White Denim - Workout Holiday Album Review
Album review of 'Workout Holiday' by White Denim released through Full Time Hobby.
Sometimes, retro chic doesn't necessarily have to be about celebrating the past and nothing else. Occasionally someone comes along with a historical vision that starts way back yonder but actually delivers something entirely out of the ordinary firmly ensconced in the future. Take Austin-based trio White Denim for example. Undoubtedly influenced by the last four decades as far as their musical heritage is concerned, their love of all things Hendrix, Devo, Husker Du and even San Francisco psychedelia is all too apparent here.
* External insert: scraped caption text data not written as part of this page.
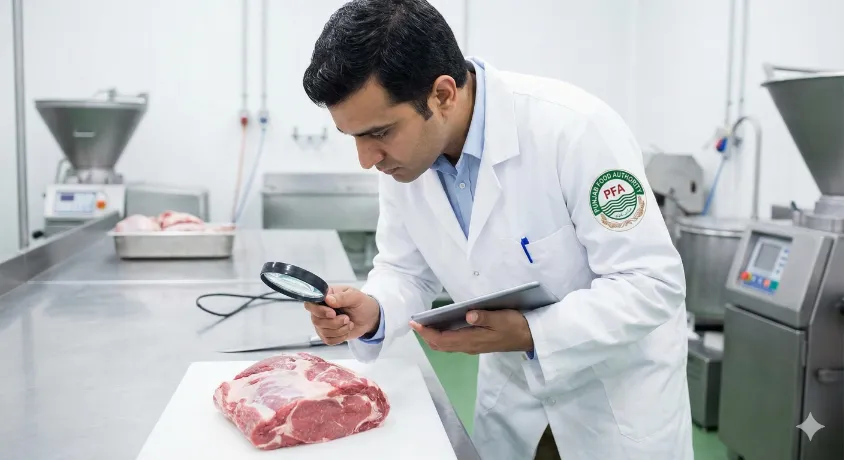 A Veterinary Officer wearing a Punjab Food Authority lab coat inspecting a piece of raw meat with a magnifying glass and tablet in a food safety laboratory.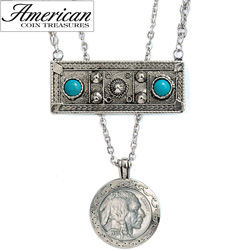 Double Strand Genuine Turquoise Buffalo Nickel Necklace&nbsp;&nbsp;Model#&nbsp;11324
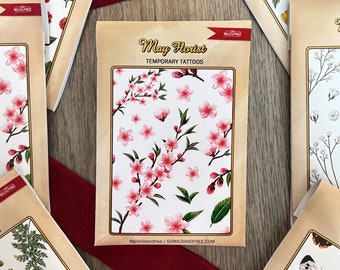 The Peach Blossom Flower Temporary Tattoos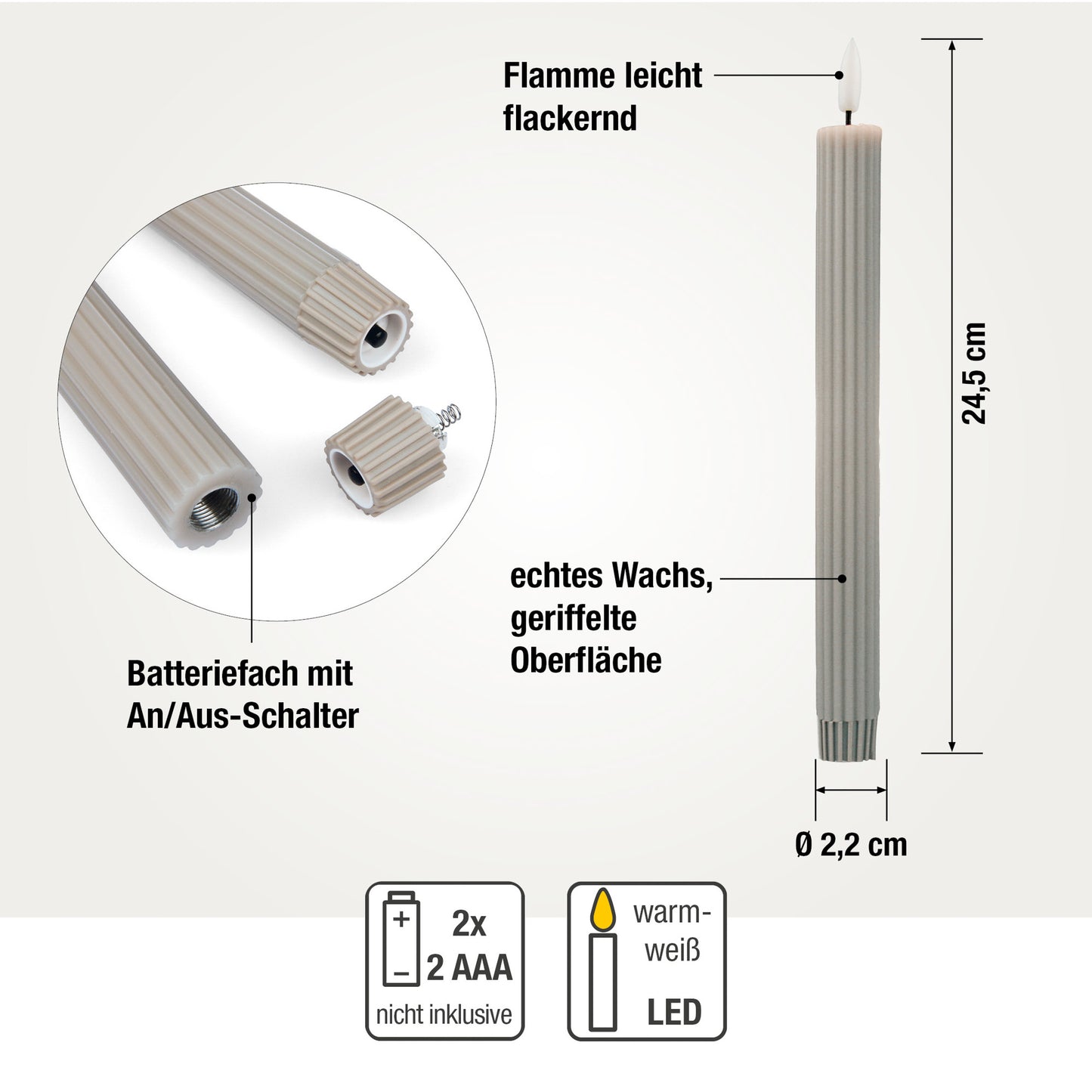LED Stabkerzen Echtwachs 2er Set grau / taupe, 2 LED warmweiß, ⌀ 2,2 cm x 24,5 cm, Fernbedienung mit Timer, batteriebetrieben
What they also possess however, in spades for that matter, is a 21st Century sensibility that transports their discordant hero-evoking noise into something quite unique for its time.
Combining so many elements that transcend numerous genres - recent single 'All You Really Have To Do' mixes a Hendrix-style epochal with the dirtiest blues riff not to come from Alabama, while 'Don't Look That Way At It' brings XTC into the modern age courtesy of an experimental glitch-rock passage that becomes more charming with every listen - 'Workout Holiday' is the record we've been crossing our fingers for since White Denim's earliest demo recordings first created a stir over this side of the Atlantic.
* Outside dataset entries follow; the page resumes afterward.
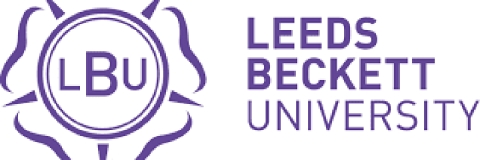 Purple and white logo for Leeds Beckett University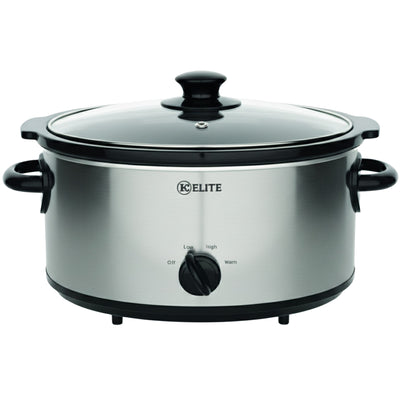 Kitchen Elite 5 Qt Slow Cooker, Stainless Steel Ceramic Crock Pot with Glass Lid - VMInnovations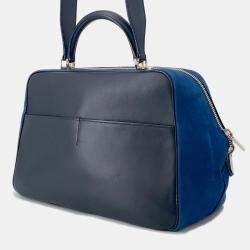 مملوكة مسبقًا Valextra Valextra Serie Esse 2-Way Handbag Black/Blue Leather Suede Size Large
At times more recent reference points could be Kings Of Leon or The Strokes, except that what sets this three-piece apart from any post-millennium contemporaries is both the sheer passionate energy that resonates throughout the record combined with an audacity to push the boundaries a little, mostly when you'd least expect them to. Singer James Petralli has a vocal that wouldn't out of place fronting any number of varying musical projects, while the high levels of intensity around such masterful pieces as the post-rock-if-it-were-steeped-late-seventies-nostalgia of 'WDA' coupled with 'Shake Shake Shake' and its obvious homage to Lynyrd Skynyrd gone punk make this one of the most interesting rock albums you'll hear all year, not to mention an almost perfect advertisement for their impending tour of the UK.
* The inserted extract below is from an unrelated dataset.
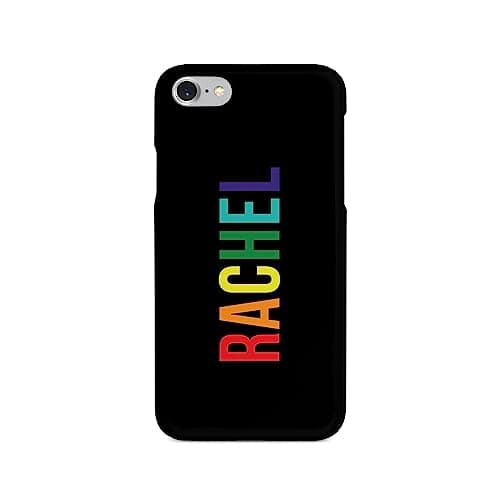 Image of Tirita Personalised Phone Case Compatible with iPhone 6 & 6s Hard Cover, Colourful Summer [10- Rainbow Name on Black]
The only downside - in a purely nitpicking kinda way - is the fact that debut single and opening track 'Let's Talk About It' still shines high and mighty above the rest as their best song, an almost untouchable four minutes that one suspects will remain as the band's legacy until they call it a day.
On the whole though, White Denim have at least proved that having a rock'n'roll outlook and mentality doesn't have to be extreme plagiarism at the same time, and 'Workout Holiday' is one of those records that will surely act as a standard bearer for artists of a similar nature in the future.